Et puis je ne suis pas très de souvenirs en fait. Ça c'est assez personnel. Je n’ai pas de photos, même chez moi.
Et donc c'est vrai que là je les revois un peu avec plaisir. Mais de moi-même je n’aurais pasgardé ça.
Y : Vu que je fais de l'archivage, c'est pour ça que je posais des questions pareilles en fait. Quel est le rapport aux archives et les traces ?
D : Je me dis que c'est... À chaque projet j'ai l'impression qu'il faut que je reparte un zéro. Même si c'est impossible parce qu'on a quand même tout un univers, des choses qu'on a...
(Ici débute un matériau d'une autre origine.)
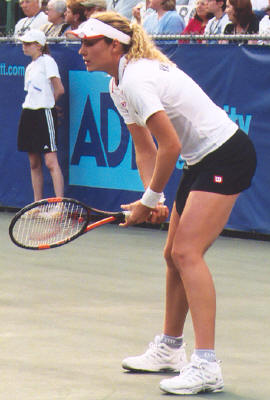 Julia Vakulenko (2003 World Team Tennis)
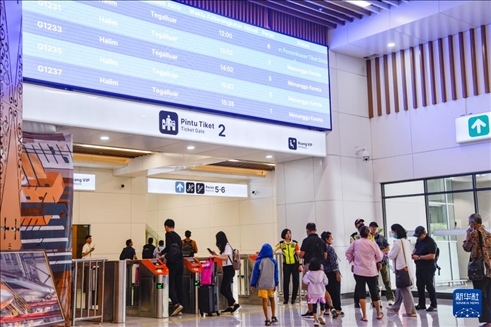 1月24日，在印度尼西亞雅加達(dá)哈利姆站候車大廳，乘客刷票前往站臺。新華社記者 徐欽 攝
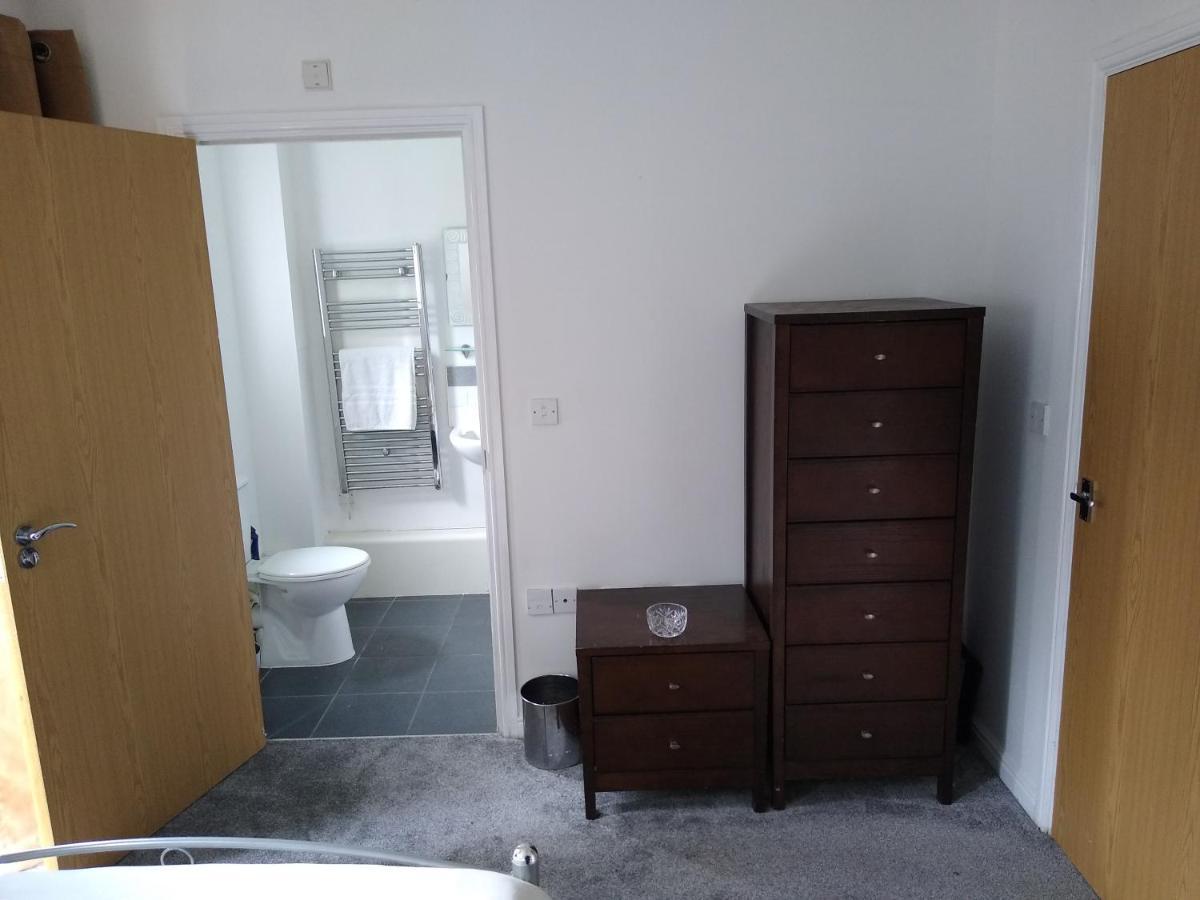 Stylish Private Double W/ensuite Privatunterkunft London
Voilà, on est attiré par certaines choses, certaines formes, même si chaque projet est très différent. Mais j'essaie quand même à chaque fois de repartir à zéro. Donc, je me dis que si j'avais comme ça des quarante ans de photos de toutes les scénos que j'ai faites, je sais pas, ça m'intéresse pas.
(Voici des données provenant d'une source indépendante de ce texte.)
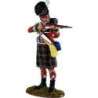 Cameron highlanders standing firing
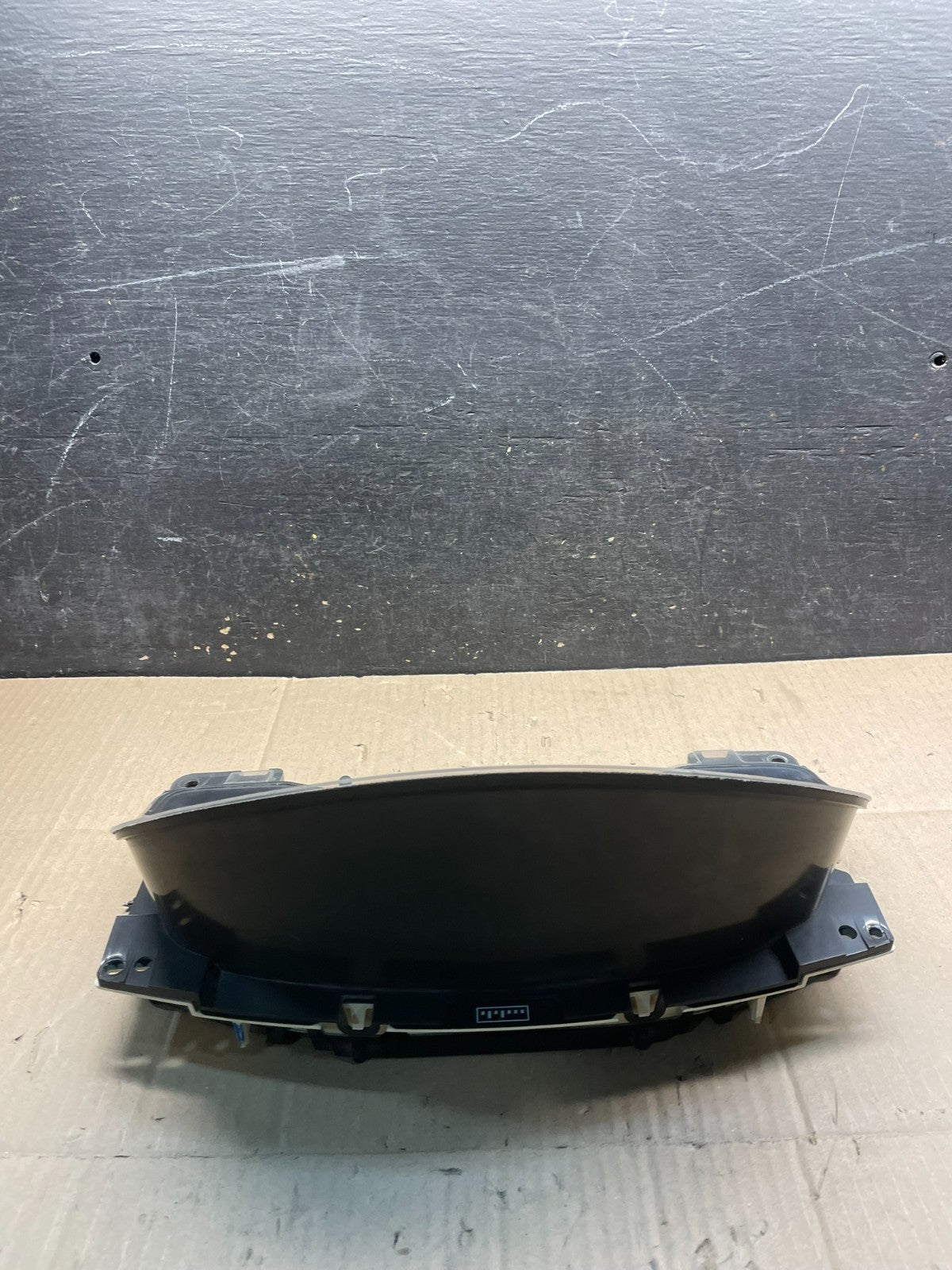 2004 to 2007 Chevrolet Express Speedometer Cluster Gauge OEM X8426 DG5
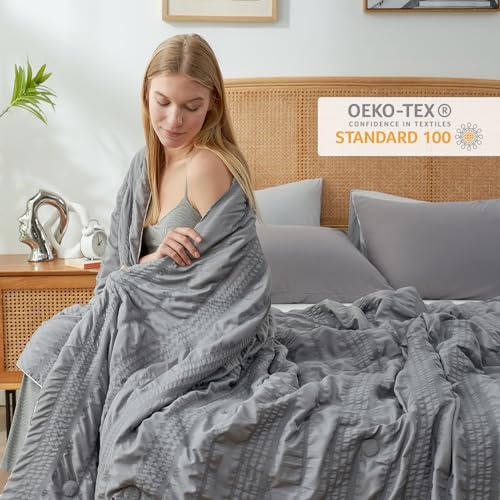 Cozy Bliss Seersucker Cooling Comforter, Reversible Lightweight Summer Quilt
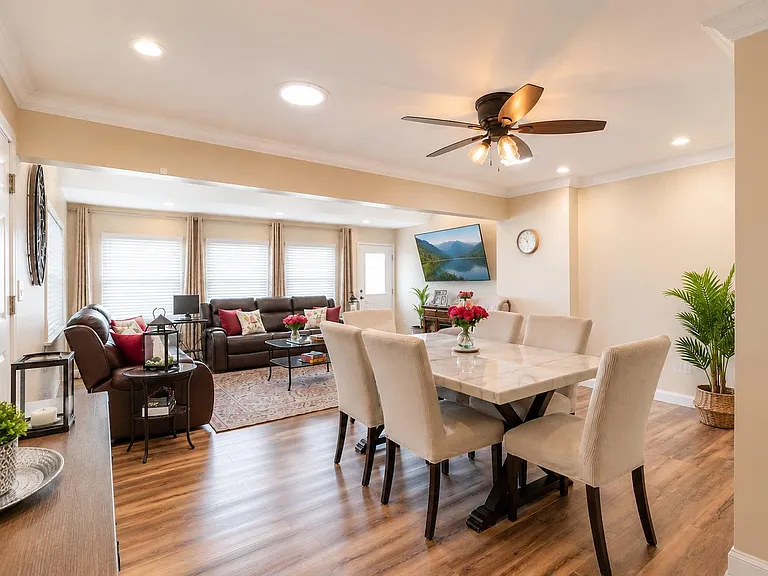 Cypress Ln W — Photo 14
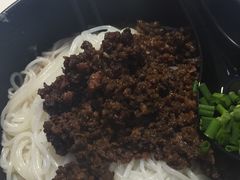 -一品郑记重庆牛肉米线馆(东泰路店)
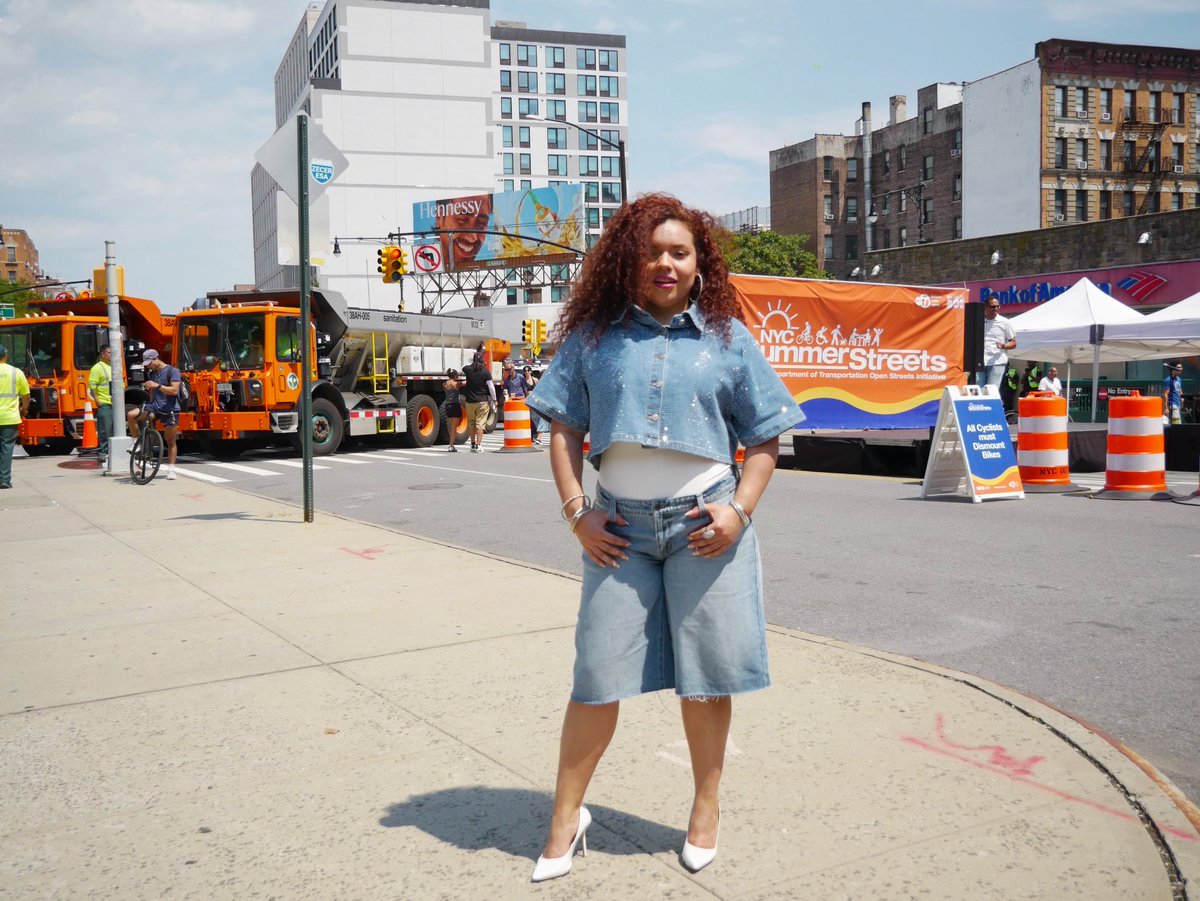 iam_anova's tweet photo. ๐ฎ๐๐๐๐๐๐๐ ๐๐๐ ๐๐๐ ๐ณ๐๐๐ ๐๐ค๐
#anova #summerstreets #nyc #salsa #rompiendolasreglas https://t.co/fx6Gt4FPlg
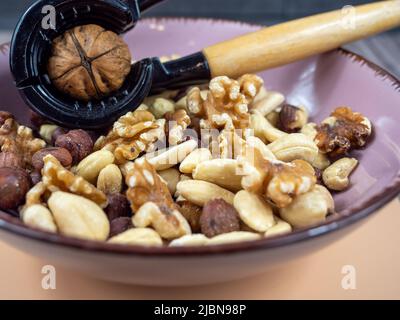 Mescolare i dadi su uno sfondo di legno. Foto di alta qualità Foto Stock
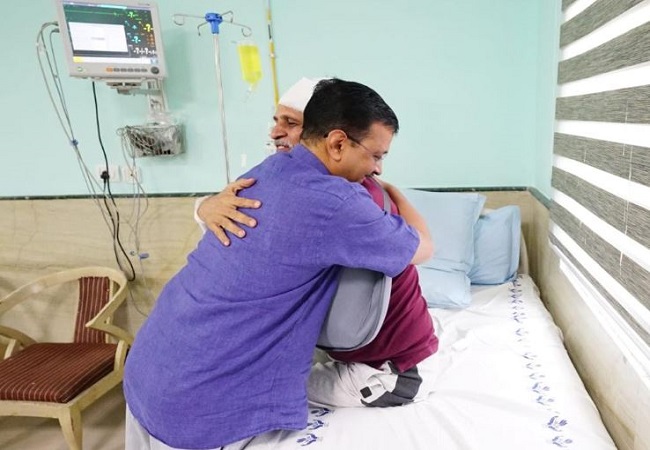 दिल्ली मुख्यमंत्री अरविंद केजरीवाल ने अस्पताल में भर्ती सतेंद्र जैन से पूछा हालचाल, मिलकर लगाया गले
Voilà la réalisation. Au final, les fameuses colonnes qu'on a apercevait sur certaines photos, ça c'est sur le plateau du TMG. Rendu final n'est pas le même.
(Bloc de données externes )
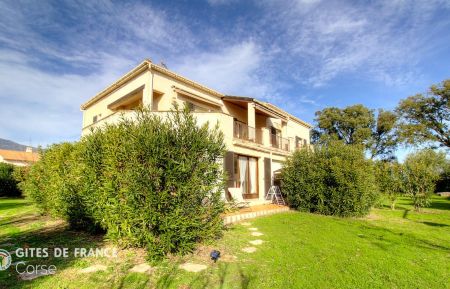 Gîte à Lucciana, Grand Bastia, Haute-Corse, labellisé Gîtes de France : la terrasse et le jardin Gite n°59481 Lucciana - Corse - Gîte à Lucciana, Grand Bastia, Haute-Corse, labellisé Gîtes de France : la terrasse et le jardin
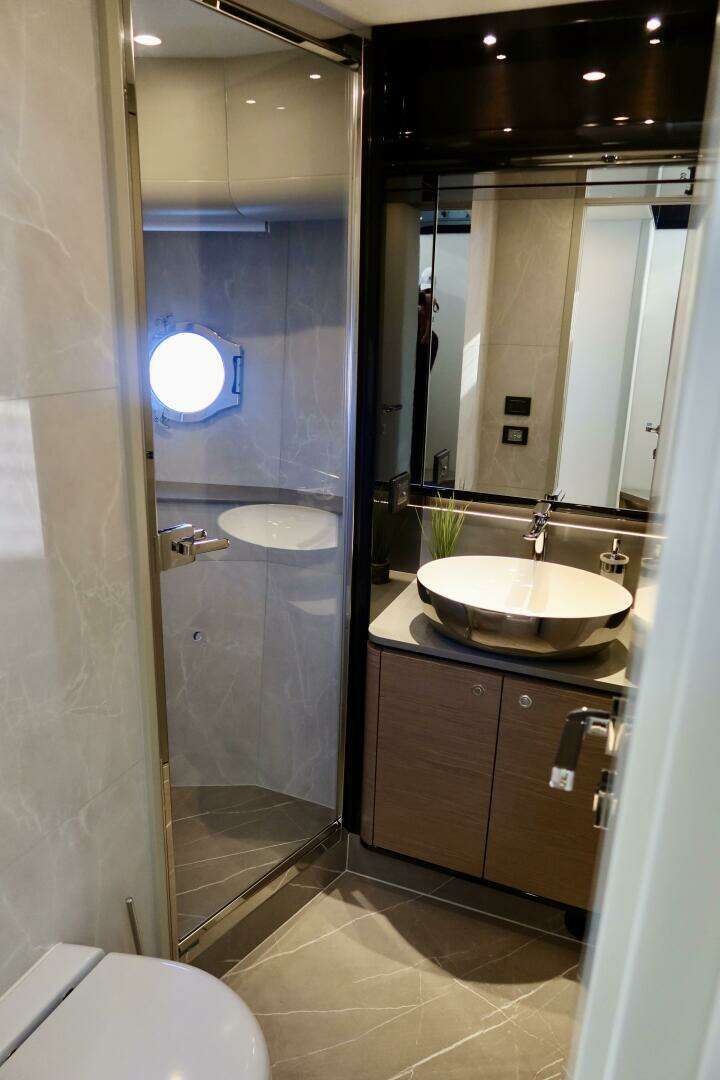 2026 Absolute 58 Navetta - Image 36
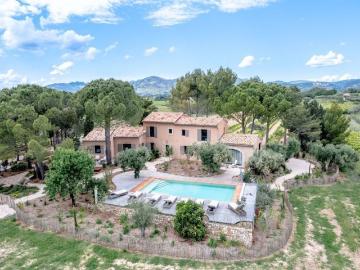 Villa de luxe de 8 pièces en vente Beaumes de Venise, Provence Alpes Côte d'Azur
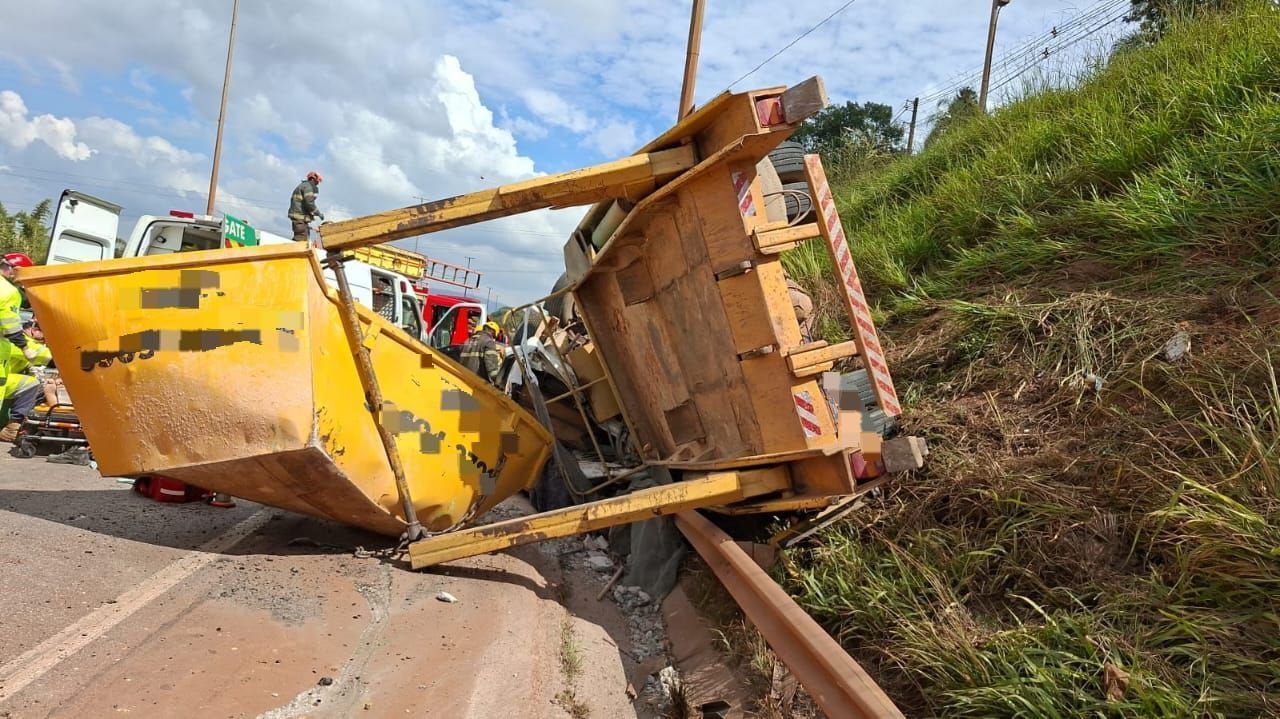 Caminhão capota na rodovia Fernão Dias em Betim, na Grande BH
C'est une espèce de péplum fait par Serge Papagalli. On était à la limite du mauvais goût sur le décor. C'était un clin d'œil aux péplums des années 60-70 au cinéma.
Ah ouais, ça c'est moi aussi. Un petit décor, ça c'était un projet qu'on n'avait joué pas dans des théâtres. En fait, il y avait une structure qu'on arrivait à monter en quelques heures.
On arrivait dans des gymnases, des salles de fête avec la compagnie Atheca. Et on montait ça à deux, trois personnes. On arrivait le matin, on montait ça, tout était intégré, la lumière, …
Et le soir, on faisait une représentation. C'était un vestiaire de football. Et après on démontait tout et on rentrait.
Théâtre vraiment avec quand même une scénographie. Une vraie proposition, pas juste des tréteaux.
Un beau cercueil.
Ce qui est très compliqué à réaliser, un cercueil. Ça a des formes vraiment...
Y : J'ignorais que parmi les formes, c'est une des formes les plus complexes.
D : C'est plein de facettes et tout.
Y : C'est vrai, t'as un petit rebord.
D : La dernière fois qu'on allait en faire un, c'était pour la MC2. Après, on est allé l'acheter, c'était plus pratique.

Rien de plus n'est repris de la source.